I have a list of jobs :: [IO ()] and I would like to run them asynchronously, with the caveat that I can run at most 5 of them at the same time.

Is there an available function in the ecosystem which would allow me to do something like

runBoundedAsync :: Int -> [IO ()] -> IO ()

where the actions are run asynchronously being sure that no more of 5 of them is run at the same time?

2 Likes

pooledMapConcurrentlyN from the unliftio package perhaps?

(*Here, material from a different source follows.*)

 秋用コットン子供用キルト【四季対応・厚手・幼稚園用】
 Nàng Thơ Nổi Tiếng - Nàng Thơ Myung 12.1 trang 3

I’ve never personally used this function but I’ve seen it get recommended before and there are benchmarks like this one that show that pooledMapConcurrently is the fastest.

3 Likes

I’ve previously used async-pool with success:

I think it addresses that exactly, without needing the whole unliftio business.

2 Likes

Namely, @marcosh you’d use something like mapTasks_, which has almost exactly the signature you’re looking for (you just need to create a task group first):

main = withTaskGroup 5 $ \tg -> do
   mapTasks_ tg [io1, io2, io3, io4]

If the tasks don’t return anything and they are bare IO, you could build something simple around QSem from Control.Concurrent.QSem.

EDIT:

So this appears to work:

import Control.Monad (forM_)
import Control.Concurrent (forkIO)
import Control.Concurrent.QSem qualified as QSem

runJobs :: Int -> [IO ()] -> IO ()
runJobs max jobs = do
  sem <- QSem.newQSem max
  forM_ jobs $ \job -> forkIO $ do
    QSem.waitQSem sem
    job
    QSem.signalQSem sem
2 Likes

Or he could just use pooledMapConcurrentlyN (or other existing options) instead of trying to reinvent the wheel.

Shouldn’t the job be inside a bracket to ensure the sem is signaled even if the action throw an exception?

1 Like

pooledMapConcurrentlyN only works in simple situations, so QSem is definitely something that should be in a Haskeller’s engineering toolkit.

For instance, I wanted my tool to respect a -j param when generating an import graph pruned to a specific module. The algorithm is

  1. Parse imports from the file we are pruning too.
  2. Recursively parse all its imports.
  3. Repeat until we hit the leaves.

I want a stable -j across that concurrency. Using pooledMapConcurrentlyN naively to do step 2 would violate -j since each recursive call would also call it. So a QSem is a better fit. (Code here)

And I wouldn’t really consider it reinventing the wheel. Programming with semaphores is a pretty fundamental engineering skill that every programmer who does concurrency should be able to do :slight_smile:

1 Like

Yup. For any production/work use, you’d probably look into what one can find in libraries you already use and depend on. I.e use async instead of forkIO, maybe even a resource manager that expands over what bracket does, and so on.

Though, if one is interested in reinventing the wheel, then as QSem is implemented in terms of MVars and exception masking, then one might look into using MVars and exceptions directly.